わたしに踏まれた星とわたしが踏まれた星

ホロスコープ1年生。名前は「蜷(にな)」です。

ふれてみたい

ふれ合うことが苦手で、でも好きだ。「人来るよ」とかで(親切で)背中を押したり、腕を引き寄せたりする場面でも、反射的にゾワッとなって払い退けたくなってしまう。でも冬の日に「手が冷たいねー」なんて話しながらお互いの手を握る、みたいなのは平気。一方、どれだけ親しい相手でもずっとくっついていたいとは思わない。電車の中では(できれば)距離を取りたいけれど、神経質に気にするほどでもない。自分の「身幅」感覚が鈍いのか、横をすり抜けようとしてぶつかったり、説明の最中に咄嗟に出た手振りが相手に当たったりすることがある。

トータルでは、ふれ合うことはそれほど得意ではないのかもしれない。ふれる・ふれられるは、アクシデントの形であらわれる。過敏なときもあれば、逆に鈍感すぎるときもある。モノの触感はどうか。わたしは特に素材にこだわるほうではない。でも、子どもの頃に親戚の家の土壁を爪でぽろぽろ剥がしておもしろがっていたなあとか、「山川出版社の歴史の用語集」のオレンジ色した表紙の手触りとか、不思議と消えない記憶もある。触覚はミステリーだ。体内の奥深くで、フックに引っ掛けられた状態で宙吊りにされている。

わたしは1室・牡牛座に火星がある。火星牡牛座は、とにかくふれていたいサインだそう。わたし自身は上記の通り、「ふれ合う」ことへの微妙な馴染めなさ・タイミングのズレがあり、「四六時中ふれていたい」に関しては完全にノーだと思う。水瓶座の太陽・月・金星と、牡牛座の火星・木星の葛藤が巻き起こっているのだろうか。わたしが「ふれ合う」で想像するのは、赤ちゃんを抱きしめるお母さんの像だ。包むことで包まれているような、見えないミルクの膜が世界と彼女らを隔てているような、幸福のイメージ。ふれること・ふれられることに、本当に心も身体も明け渡して安心をしてみたい、また安心を感じてもらいたい。そういう願望が奥底でふつふつと滲み出しているのかもしれない。

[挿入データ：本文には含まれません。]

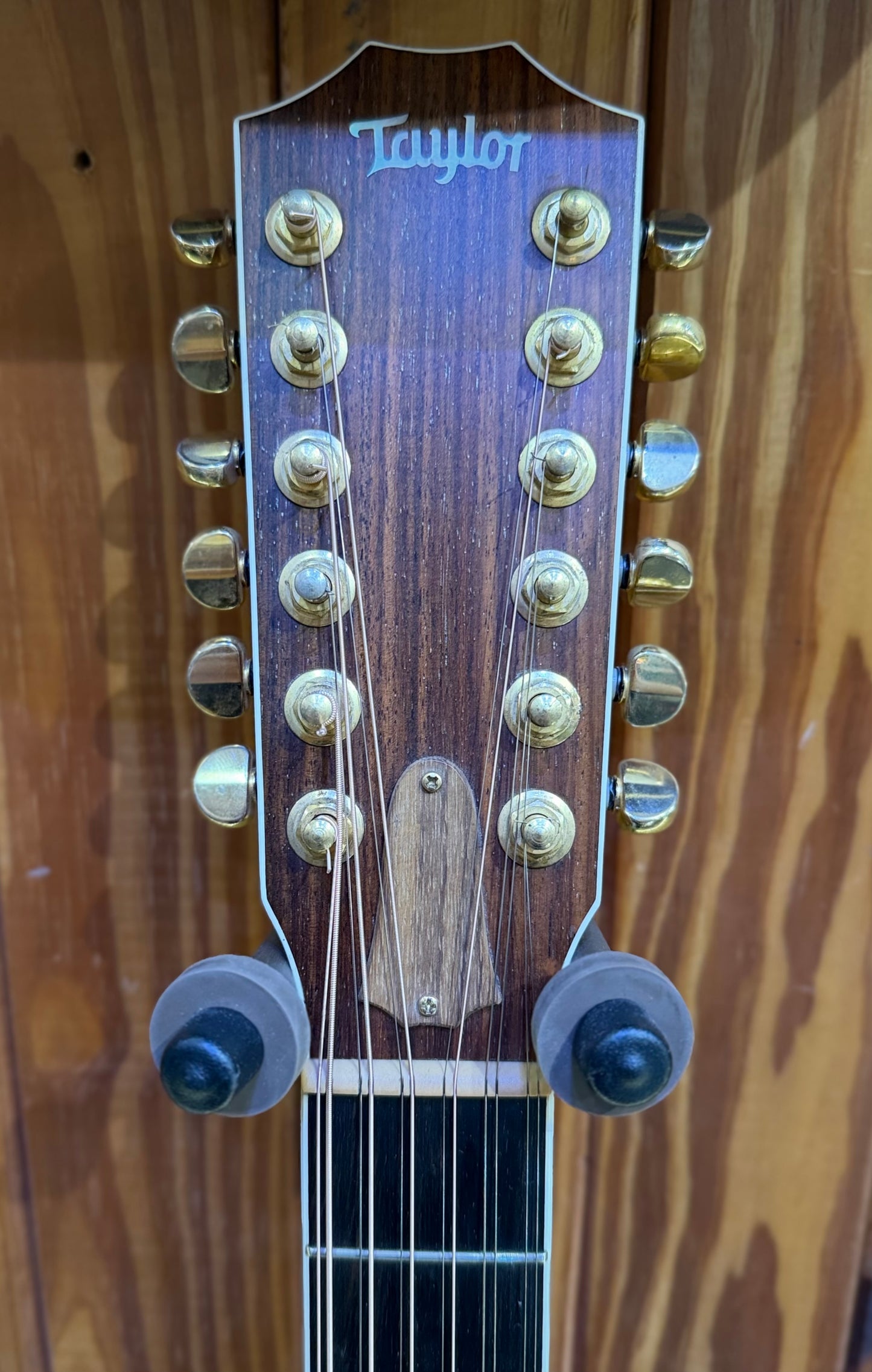 Taylor 855 Natural 12-String Jumbo Acoustic Guitar - Pre-Loved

一方で、自分自身の「やわらかさ」への忌避感がある。ダイエットの名残りだ。だいぶリバウンドしてしまったので、肩の丸みとか、突き出した下腹とか、耐えられない部分はたくさんある。もう骨にふれることができない。まだ薄かった肉ごしに撫でさすった骨は、冷たく、硬く、わたしの正しさと強さを静かに肯定してくれていた。たぶんいまのわたしは、どれだけ他のことを努力したとしても、あのころの自己肯定感と自信を取り戻すことはできない。わたしは無意味で、だからこそ他に侵されない価値を確保してくれるルールから、徐々に脱落していった。それが過食などを伴う劇的なものでなかったことは、社会生活上は都合が良かったかもしれないが、わたしのわたしに対する失望感も呼び起こした。墜ちるときもだらしのない奴だ。

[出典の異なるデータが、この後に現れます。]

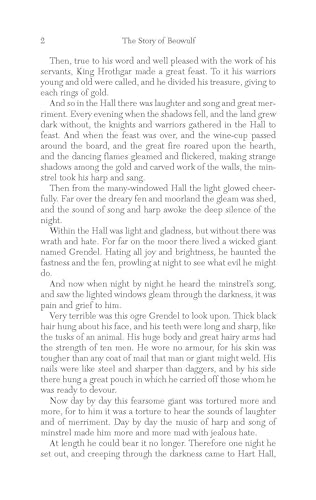 The Story of Beowulf (Dover Children's Classics),Used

抱き合うには、お互いに「やわらかい」ほうがいいだろう。すっかりと、隅々までくっつくことができるから。そしていっさいの生命をあますところなく感じとることができるから。この「やわらかさ」はけして、肉体的なことを指しているのではない。わたしの心は、昔も今も硬い。占星術に興味を持っているが、リラクゼーションやヒーリングは苦手だ。リラックスをするにもある種の才能、もしくは訓練が必要なのではないか。美容院のマッサージや、温泉に浸かることは好きだ。素直に気持ちいい。だけど形のないものは不安だ。わたしのことをゆるしてくれる存在など求めていない、とも思う。常に脳みそに冷たい薬液を流し込んで、神経系に電気を張り巡らせて、覚醒させていてほしい。わたしが規律正しい人間だからではない、わたしが節操のない、不埒な人間だからだ。

ふれ合うこと。境界を曖昧なまま門扉を解放すること。与えられるのと同量を与えること。コントロールはできず、浸透圧に沿って自動的に感情は溢れ出していき、流れ込んでくる。わたしはやっぱりそれが、こわい。